Keywords

1 Introduction

Over the past decades great amounts of data have been accumulated and stored from a variety of sources. These data hold qualities that are not always obvious and comprehensible at first sight. Due to data complexity and high-dimensionality, there is a need to generate a model that can present the data in a simpler and more comprehensible way. Moreover, due to the curse of dimensionality [10], a phenomenon occurring in high dimensional spaces, additional problems such as incoherence in the perception of data might arise. Dimensionality reduction can be performed by selecting the primary components of the dataset and together with using dimensionality reduction algorithm t-SNE, the data can be turned into a 2D visualization. Data visualizations (DV) are commonly used for the representation and presentation of the data. They provide an effective way to transform a data-driven information, such in form of numbers stored in tables, into easily understandable and aesthetically pleasing visuals of various forms [2, 6, 8, 17, 19, 20]. Additionally, complementing data visualization with storytelling and interactivity elements has been found to enhance and promote user-interaction and further exploration of the presented information [11, 18]. From a general audience point of view, this can turn the plain data visualization into a more effective and memorable narrative experience [9, 12, 26].

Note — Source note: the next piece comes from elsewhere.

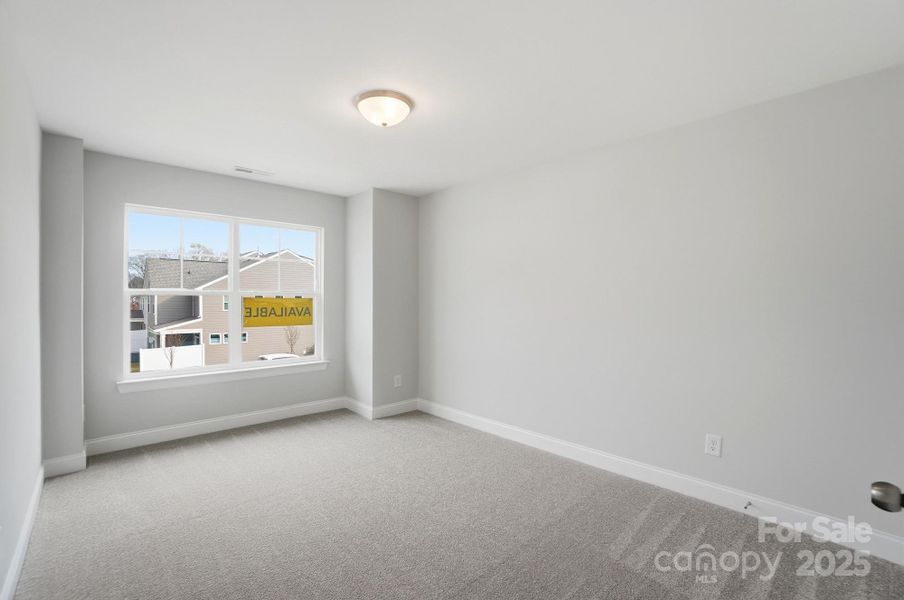 Spacious, unfurnished interior of a new home in Harrisburg Village, Harrisburg (Image 19).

The USDA National Nutrient Dataset of 2017 includes 8400 different foods with each of these holding 41 dimensions. The high density and amount of the information might be one of the reason of generally low nutritional awareness [25]. Combination of above mentioned elements (dimensionality reduction, data visualization, and interactive storytelling) can be used for the design and development of a web-based application, (accessible at https://tinyurl.com/y5lwevp9) offered to the public to explore the food dataset. Furthermore, this combination suggests a way to tackle the problem of effectively communicating complex, high dimensional datasets.

2 Background Research

Even though the roots of DV in forms of maps, charts and graphs go all the way into 17th century, interactive DV are only recently being explored. Moreover, they are mostly used for communicating low dimensional datasets. Visualizing high dimensional datasets in an interactive way is a more advanced topic, with only a few solutions proposed so far [18]. The infinite drum machine experiment done by Google Creative Labs [23] is an example of this approach. This experiment use the t-SNE dimensionality reduction algorithm [15] to organize a big dataset of everyday sounds by similar pitch characteristics. The Google interface can be used to create both random and customized beats using the drum sequencer, as well as to explore different sound regions in the interactive DV (Fig. 1).

Fig. 1.
figure 1

The infinite drum machine [23]

The exploratory data visualization process consists of the following steps: dimensionality reduction, visualization, user interface and narrative structure. The following sections presents the elements separately.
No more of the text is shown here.